WHAT TO DO => Print, exactly as they stand, the lines below from the one that has "Men's Striped pink" to the one that has "Prodigi TikTok product configuration step 7", inclusive, leaving out the pictures.

SOURCE DATA =>
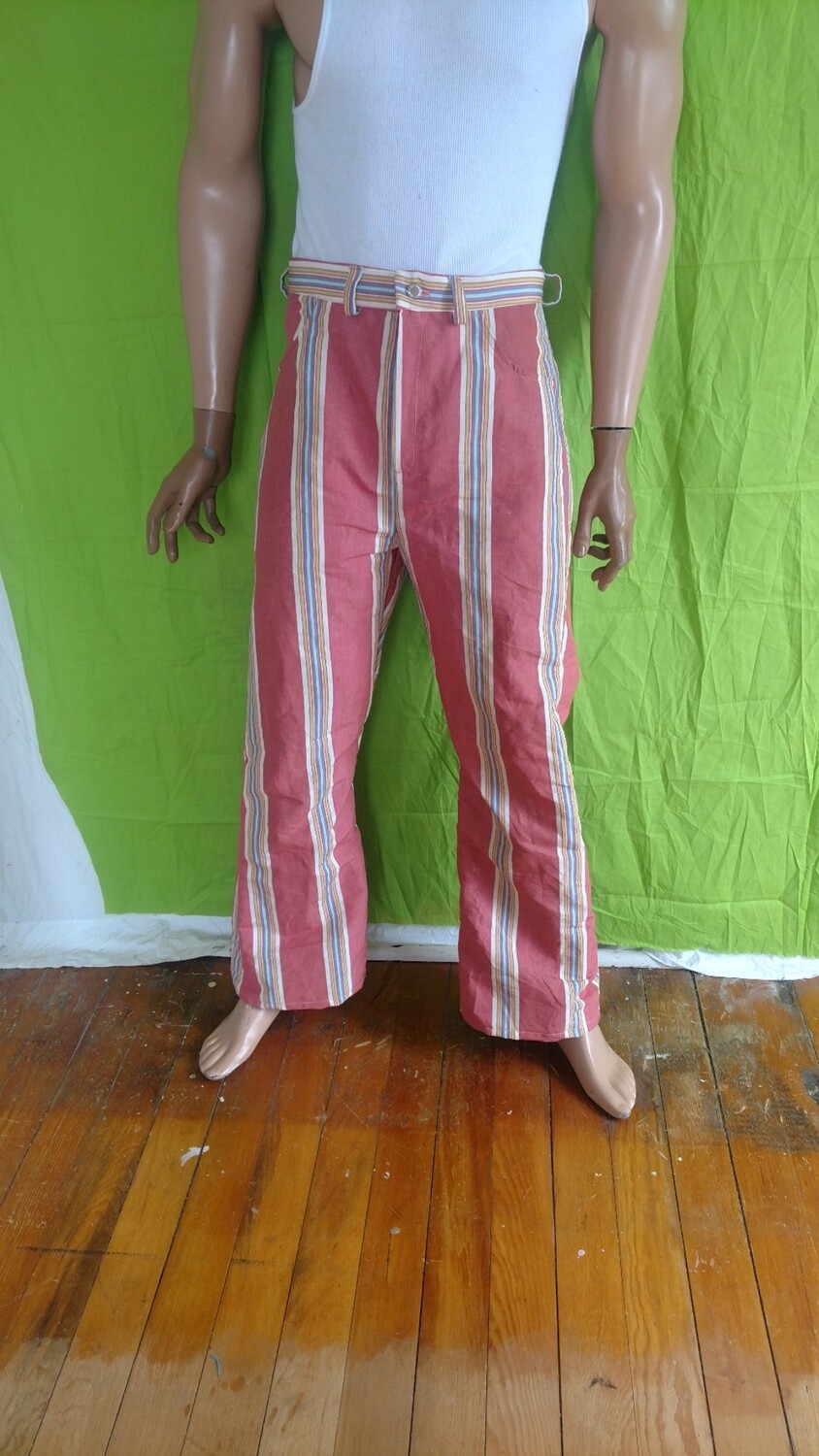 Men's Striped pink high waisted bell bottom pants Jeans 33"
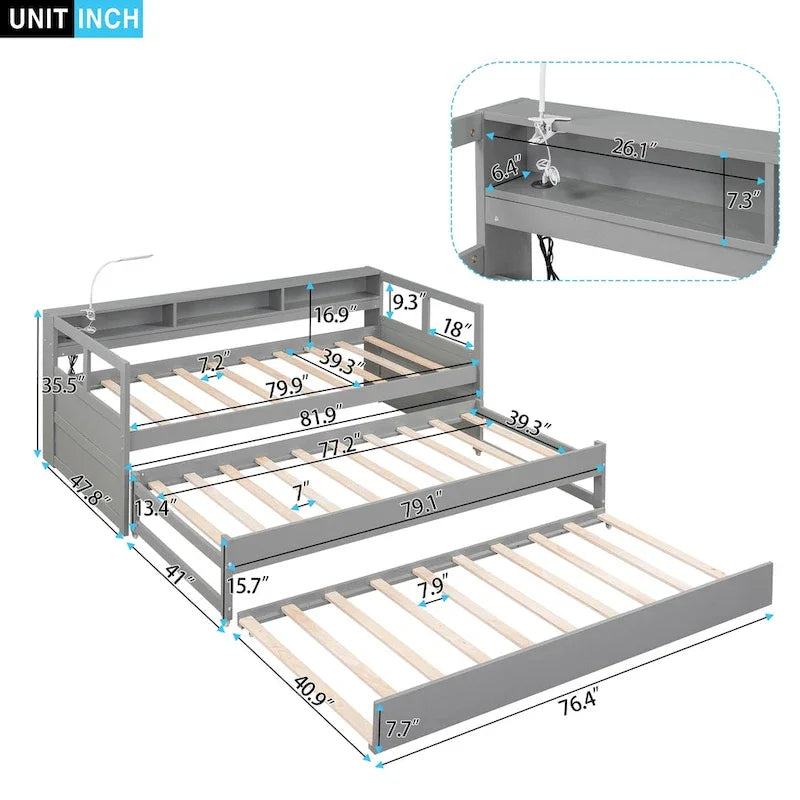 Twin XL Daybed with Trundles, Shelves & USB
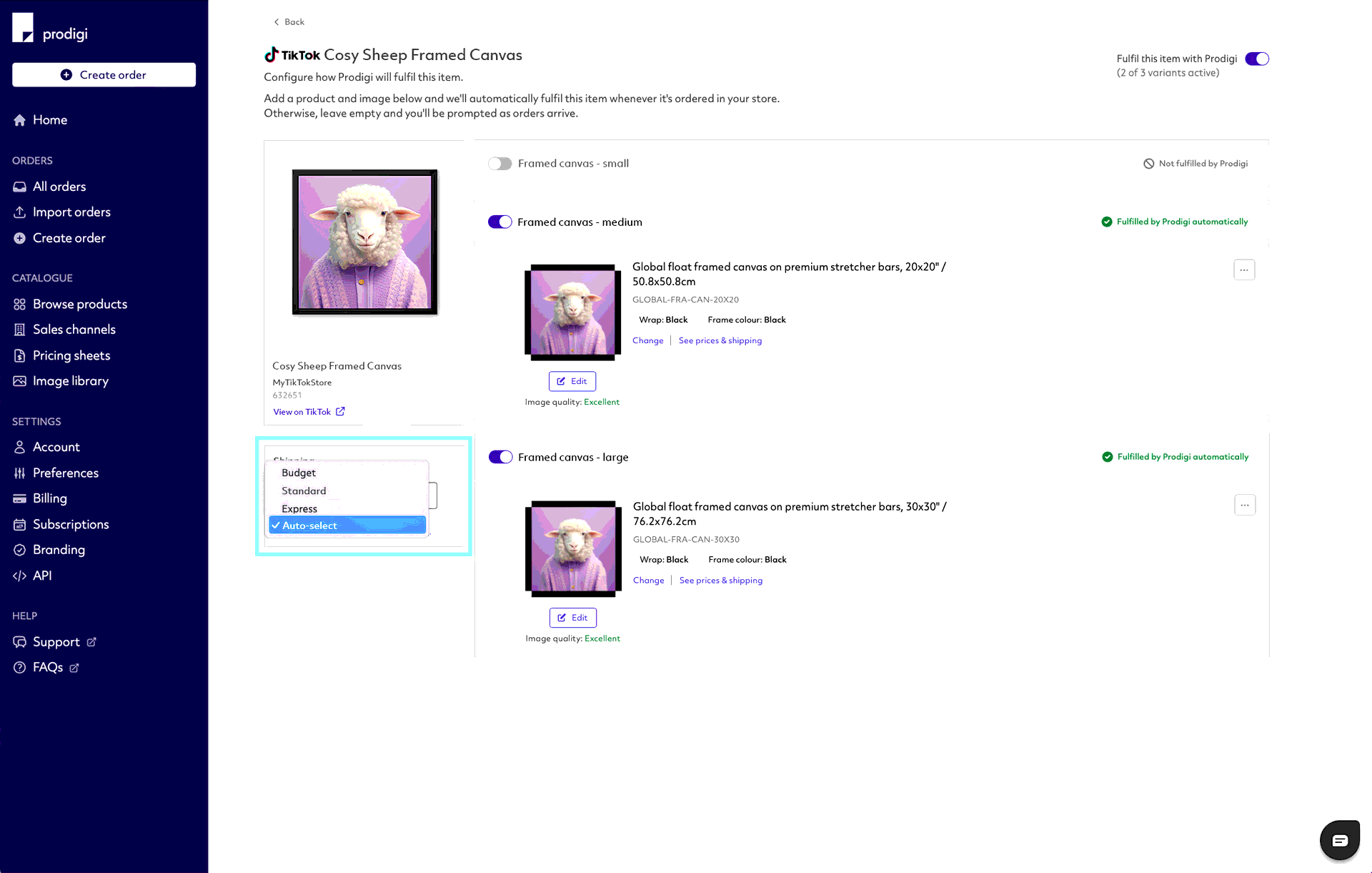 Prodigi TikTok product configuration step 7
* * *
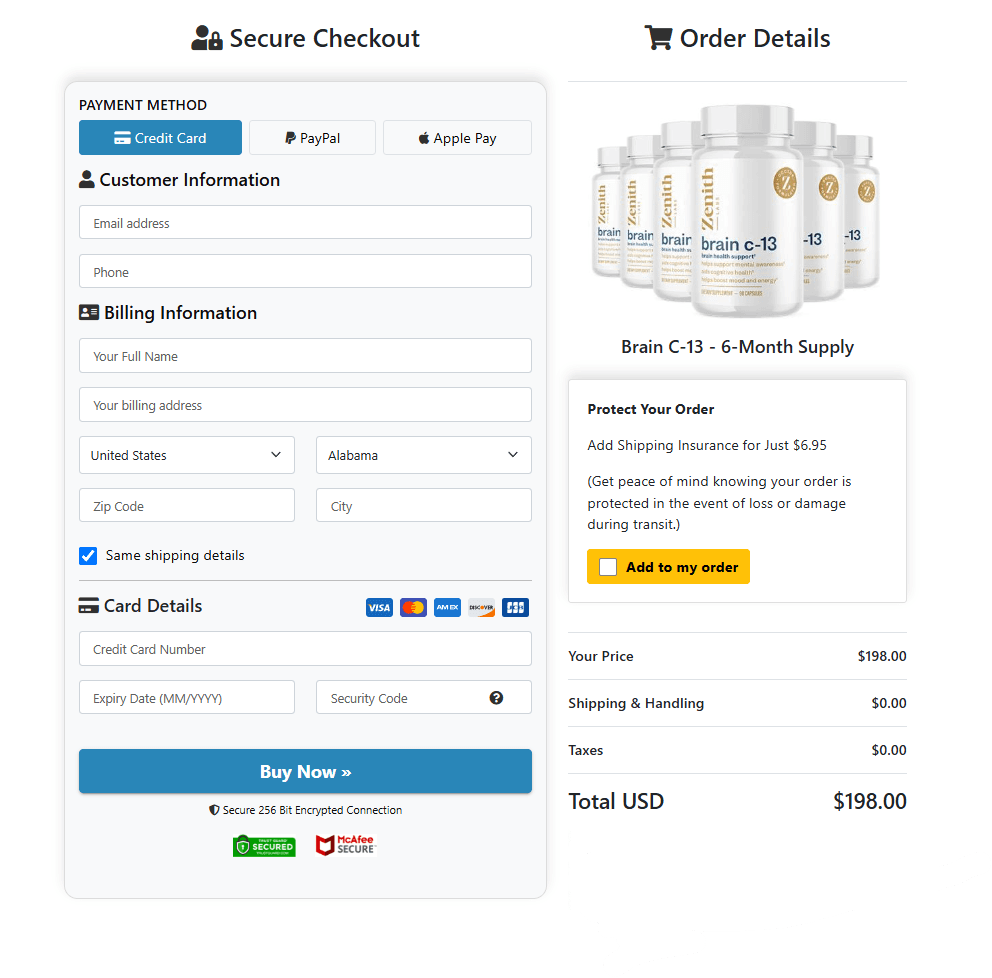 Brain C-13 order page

SOLUTION TO THIS PROBLEM =>
 Men's Striped pink high waisted bell bottom pants Jeans 33"
 Twin XL Daybed with Trundles, Shelves & USB
 Prodigi TikTok product configuration step 7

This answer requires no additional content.